Thursday, February 29, 2024

Diary of Gideon Welles: Tuesday, April 3, 1866

The proclamation announcing peace in all the Rebel States but Texas appeared in the National Republican this morning. I was at first a little startled by it, apprehending it would cause some difficulty with our volunteer officers, who, by law, ceased to act on the return of peace. This provision towards that class of officers was one of those headless moves of J. P. Hale, made in the spirit of a demagogue under professed apprehension that Mr. Lincoln, or whoever might be President, would use the Navy to make himself dictator. The proclamation does not include Texas; therefore the Rebellion is not declared wholly suppressed. When I spoke of the subject to-day in Cabinet, I found that none of the members had been apprised of the fact, except Seward, and he not until five o'clock the preceding evening, when he was compelled to send to Hunter, Chief Clerk, at Georgetown. A sudden determination seems to have influenced the President. He did not state his reasons, but it is obvious that the Radicals are taken by surprise and view it as checkmating some of their legislation.

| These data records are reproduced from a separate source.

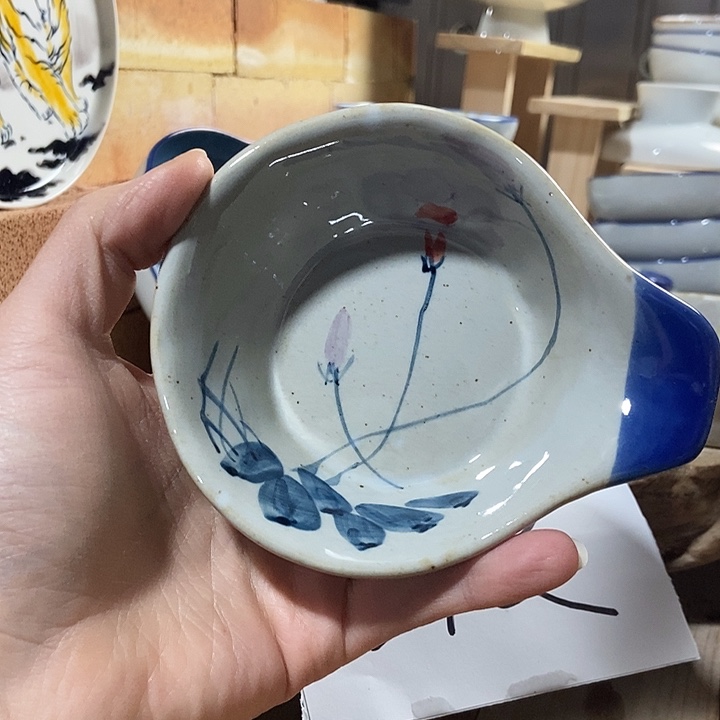 微瑕 景德镇高温釉下彩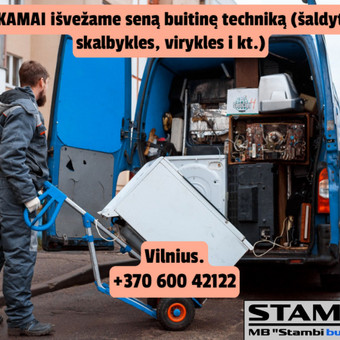 Buitinės technikos išvežimas Vilnius MB "Stambi buitinė technika" nuotrauka 4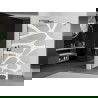 Mexen Kioto sprchová stena Walk-in 80 x 200 cm, biely vzor 8 mm, gun gray brúsený - 800-080-101-66-97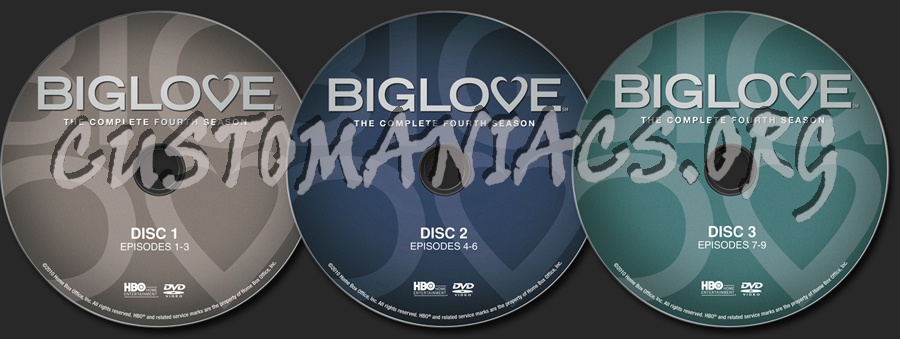 Big Love Season 4 dvd label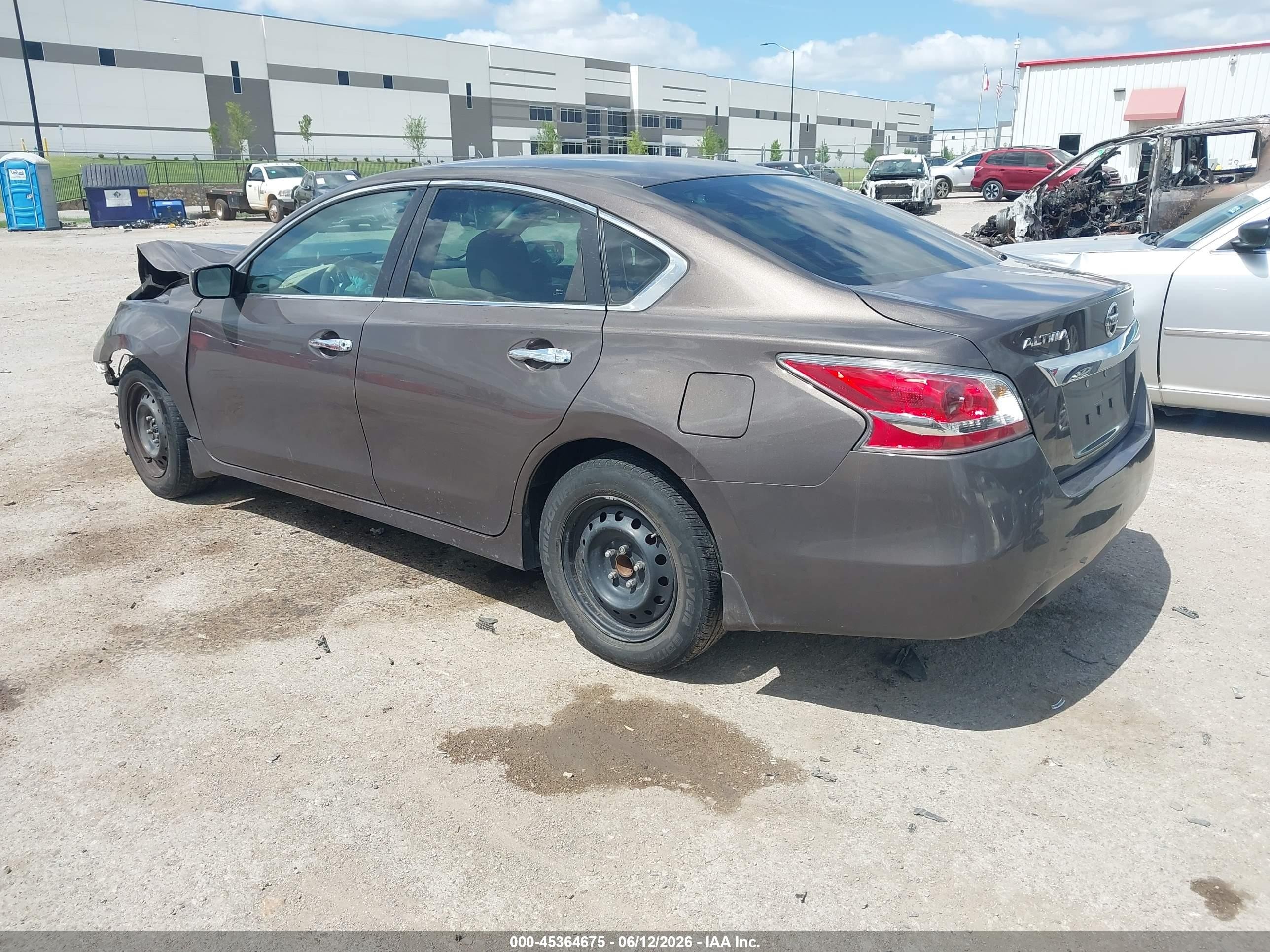 2015 Nissan Altima 2.5 S Brown vin: 1N4AL3AP4FN904122
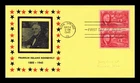 DR JIM STAMPS US COVER FRANKLIN D ROOSEVELT MEMORIAM FDC SCOTT 931 PAIR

The returns from Connecticut leave no doubt of the election of Hawley, though by a very small majority, some six or eight hundred. This is well,—better than a larger majority, and serves as a warning to the extremists. There is no denying that the policy of the President would have been sustained by a large majority of the people of Connecticut, were that the distinct issue. But this was avoided, yet Forney, in his Chronicle, asserts that the President is defeated, and his veto has been vetoed by the State. An idle falsehood. Mere partisanship will not control, and there has been much of it in this election. Each of the parties shirked the real, living issues, though the Democrats professed to respect them because the Republicans were divided upon the issues, and to press them destroyed or impaired that organization.